Titre de l’article : La taxe carbone fait chuter la popularité du président de la République (Le Monde, 23 septembre 2009)
Comment le journaliste le sait-il ? Démonstration en trois temps.
Selon un sondage réalisé par l’Ifop pour le Journal du dimanche, le Président perd 6 points en un mois. Explication du sondeur : « cette chute est clairement liée à la taxe carbone ». Preuve ? « les sondés nous disent…. ». Cela devrait signifier que le sondage a été accompagné d’un « quali » où d’autres personnes ont participé à un entretien car le sondage cité ne peut donner ce genre de renseignement. On n’en saura pas plus.

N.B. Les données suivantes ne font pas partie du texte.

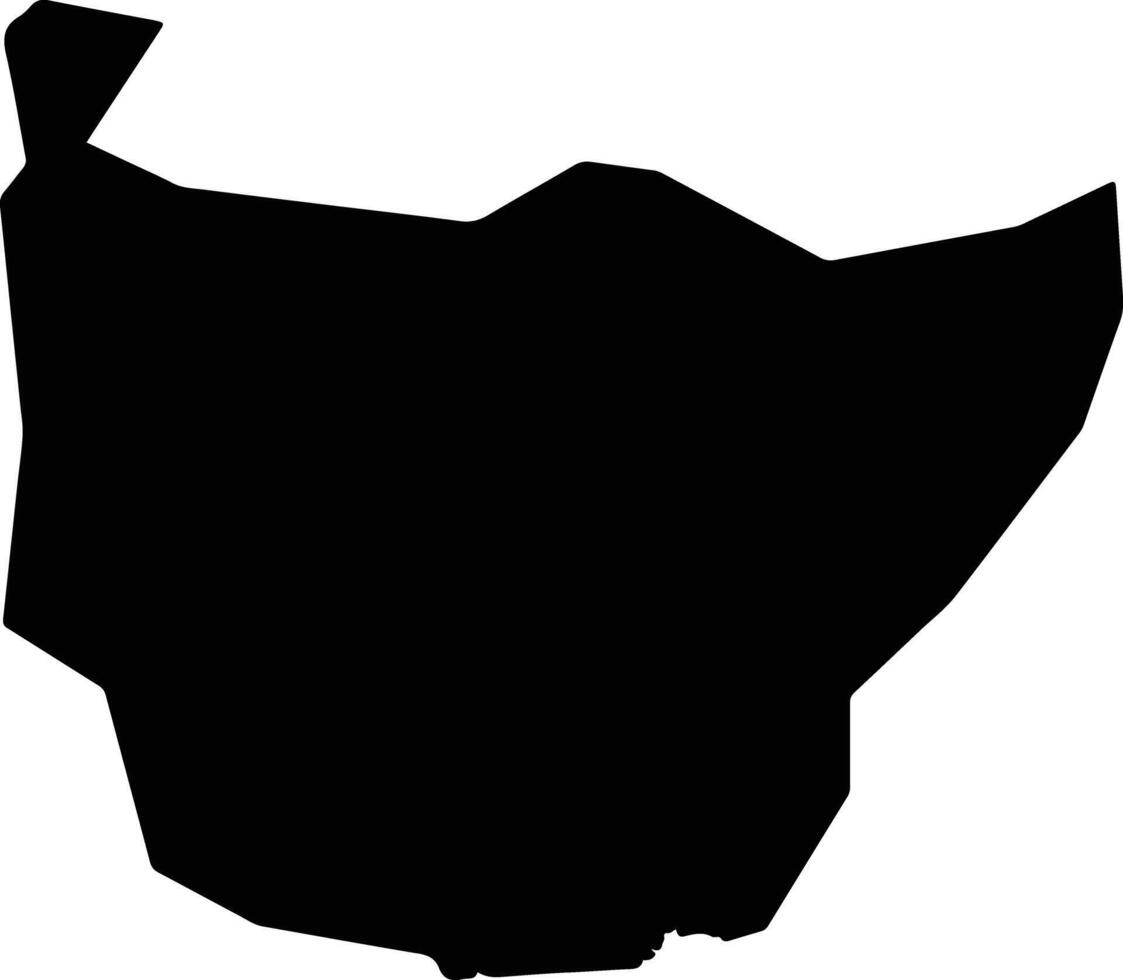 Ruhaama Uganda silhouette map vector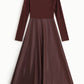 ABITO LUNGO AFRQKGJ BORDEAUX IMPERIAL.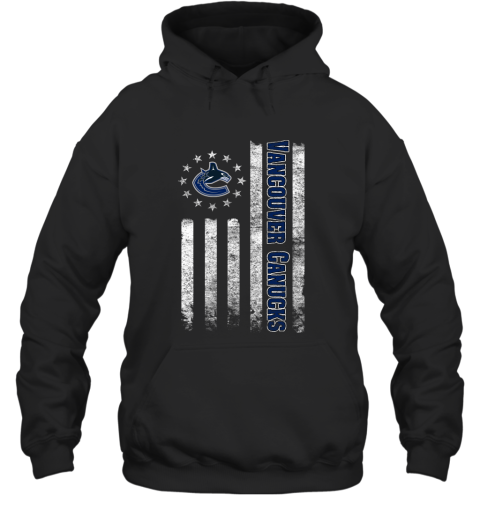 NHL American Flag Hockey Sports Vancouver Canucks Hoodie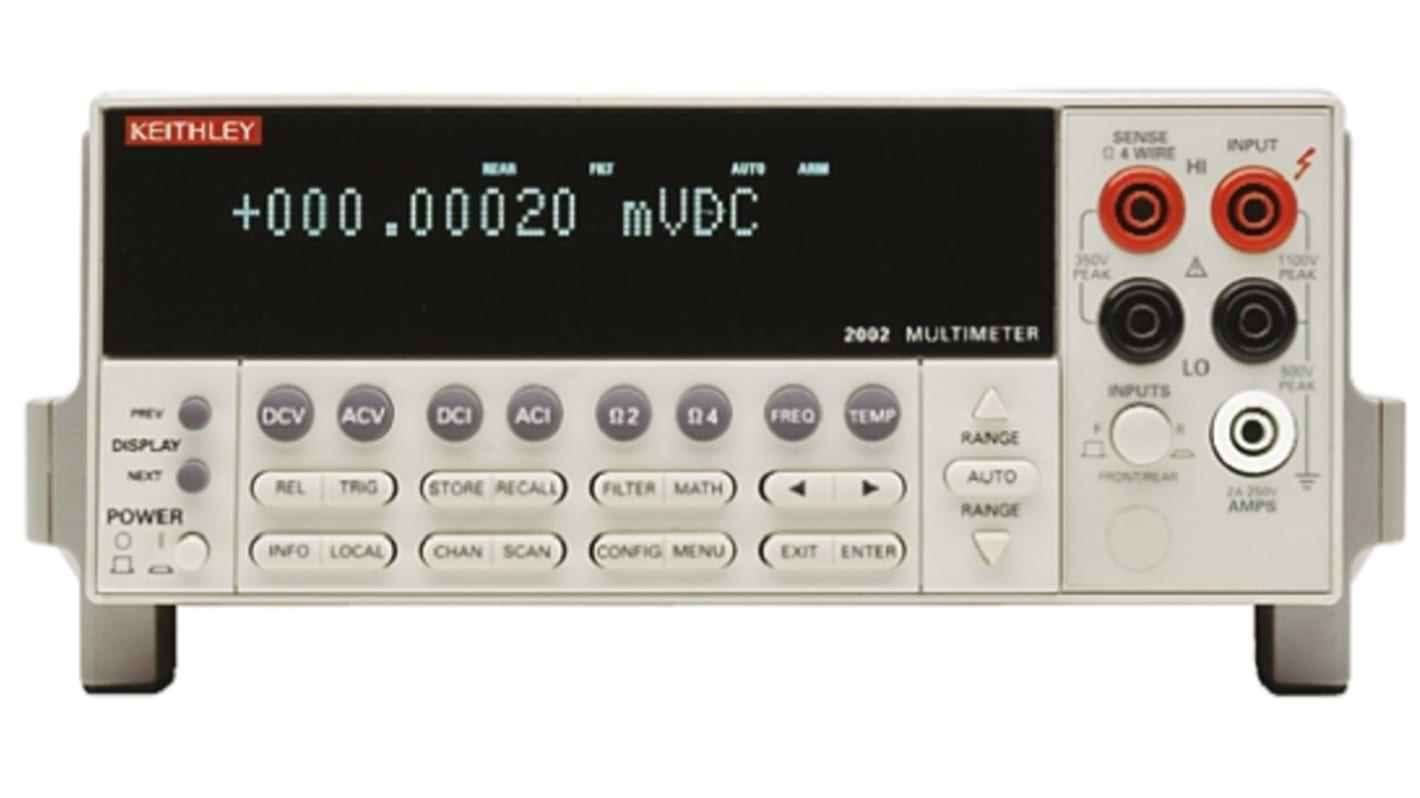 Multimetro digitale  da banco Keithley 2002, 750V ca, 2A ca, True RMS, Cert. ISO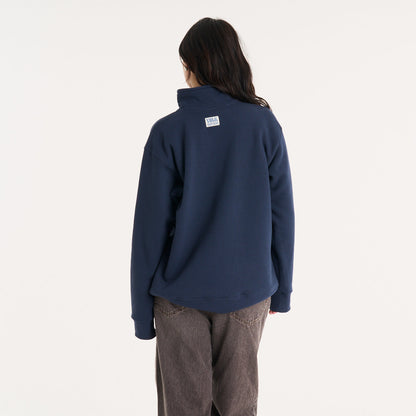 Buzo Vulk Richard Half Zip Blue
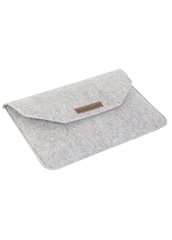 Фетровый чехол-конверт для MacBook 11.6 серый ARM защитный Gray фото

Deuxième temps : le journaliste vérifie par une contre-expertise… auprès d’un sondeur. Le politologue de CSA doute. Pour lui, les cotes de popularité baissent quand le Président se tait. Pas gentil mais conforme à ce qu’on sait des baromètres de popularité : plus la personnalité apparaît dans les médias, plus elle monte et inversement. Bref, ces baromètres enregistrent l’écho d’un bruit médiatique. Pas de quoi en tirer grand-chose. Dans une activité qui ne produit guère de vraies connaissances, c’est une des moins solides.

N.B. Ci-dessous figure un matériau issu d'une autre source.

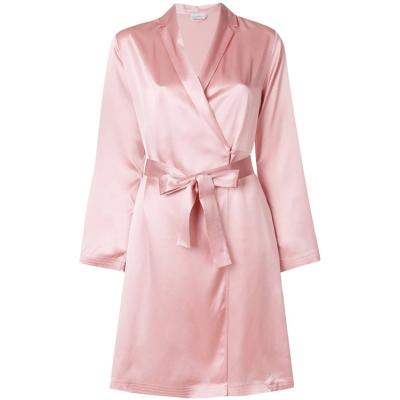 China Breathable Personalized Embroidered Satin Robe Long Sleeves Silk Kimono Robe Long Sleeves for sale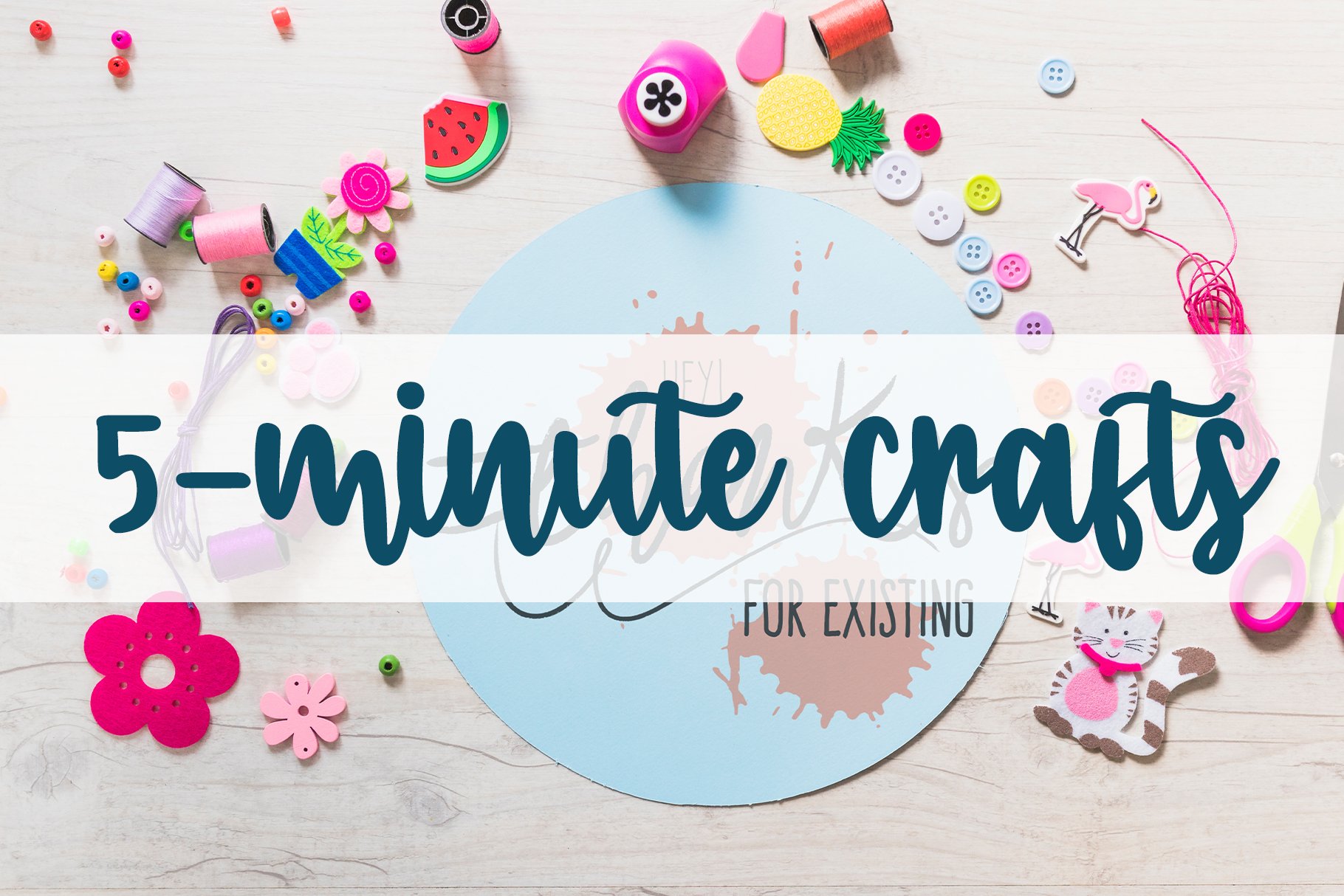 Mom Crafts | Quirky Crafts Font preview image.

Troisième temps : on apprend que « l’Elysée et l’UMP […] ont commandé leurs propres sondages…. ». C’est une information. L’instrument est-il de mauvaise qualité, on en commande plus. C’est la stratégie du sapeur Camembert ou du soldat Schweik appliquée aux sondages : plus les sondages sont insignifiants, plus il faut en faire. Ou encore, on parvient à l’exactitude en additionnant les erreurs. Qui est « on » ? L’Elysée, l’UMP, Publifact, et enfin le contribuable français qui finance cette campagne électorale permanente.
A la fin, qui mettrait en doute le titre ? Comme le disent les journalistes pour justifier leur usage des sondages : « c’est une information comme une autre".